Well, I didn't realize how he would be over everyday. My husband says he literally waits in the yard for my daughter to get home and he follows her around as soon as she gets in. He writes her cute little letters. However, I'm noticing that my daughter needs a break some and she's wanting some alone time with the girls. She feels uncomfortable having him around when they're doing "girlie things" like painting their toenails, fixing up their hair, playing dress-up, etc. He gets bored because he wants to be out riding bikes, swinging, playing "boy-things."

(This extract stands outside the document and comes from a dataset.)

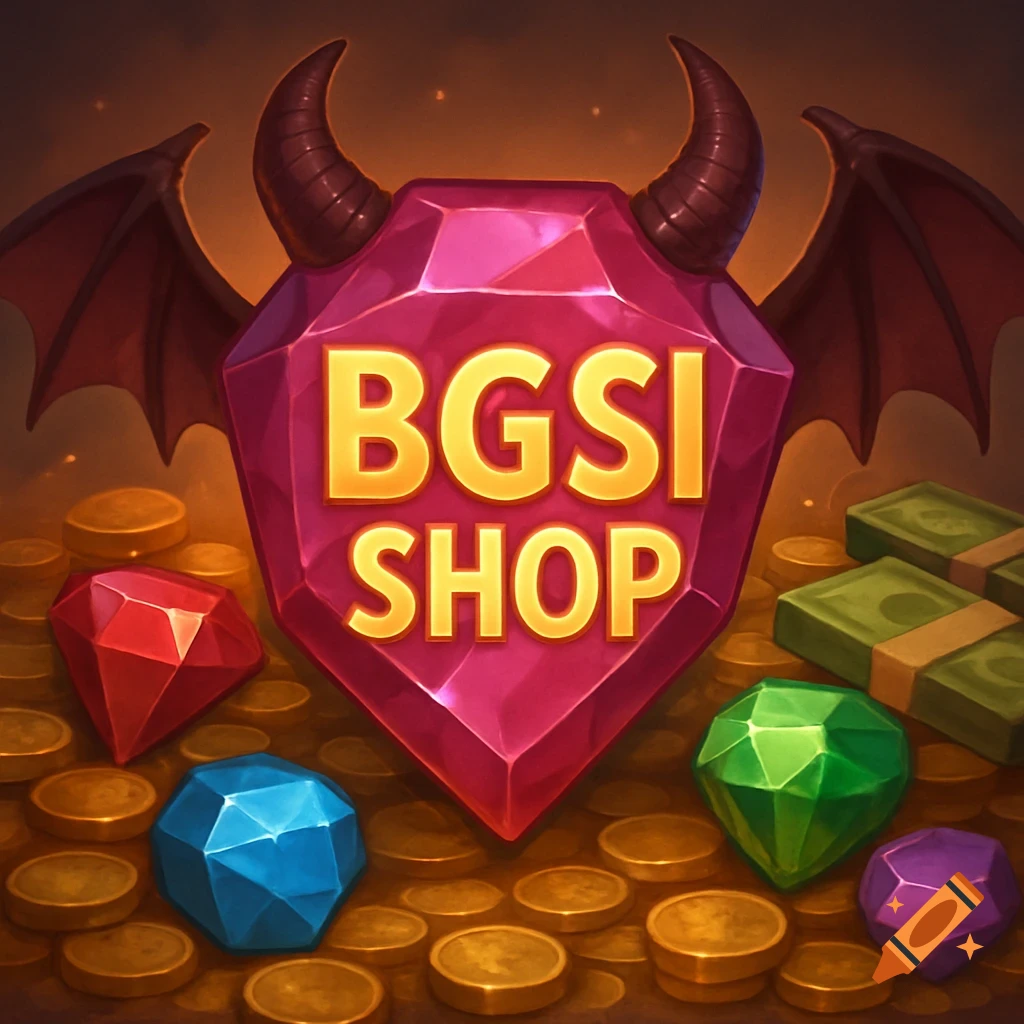 Illustrative pink gem with horns and wings, labeled 'BGSI SHOP', surrounded by gems, coins, and money.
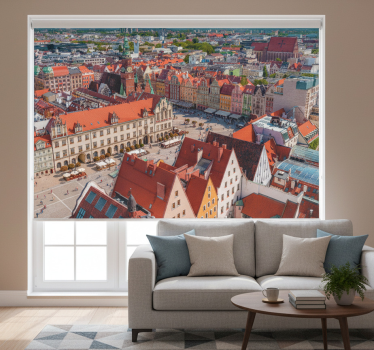 Rullgardin vardagsrum wrocław panorama - Tenstickers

Yesterday at dinner, we discovered that my daughter told him,"I don't want to play with you today, I just want to play with the girls." He left feeling sad and hurt. We asked her how she would feel if one of her friends said the same thing to her. Her response was, "But, Mommy, I was nice when I said it. I wasn't mean at all." I tried to explain that there's no nice way to tell someone you don't want to play with them. Yet, I didn't want to force her. I know she needs some down time once in a while.
She was so upset that she couldn't finish dinner and told us she thought she should go over and apologize. We told her we thought it would be a good idea. She went by herself, still wiping tears from her face, and told him that she didn't mean to hurt his feelings and that she could play with him tomorrow. We were so proud of her. When she came back. She finally stopped crying and could finish eating her dinner.
I'm going to give her some suggestions as to how to tell him when she wants to play "girlie things" with the girls without hurting his feelings. She could simply let him know that they are going to paint nails and put on make-up. I feel quite certain he wouldn't want to participate, and hopefully, this wouldn't hurt his feelings.
It was hard to watch her cry as she realized what she had done. Yet, I knew she needed to be told and that we had to make her aware of being sensitive of his feelings. Without us telling her, she knew the right thing to do, and she did it.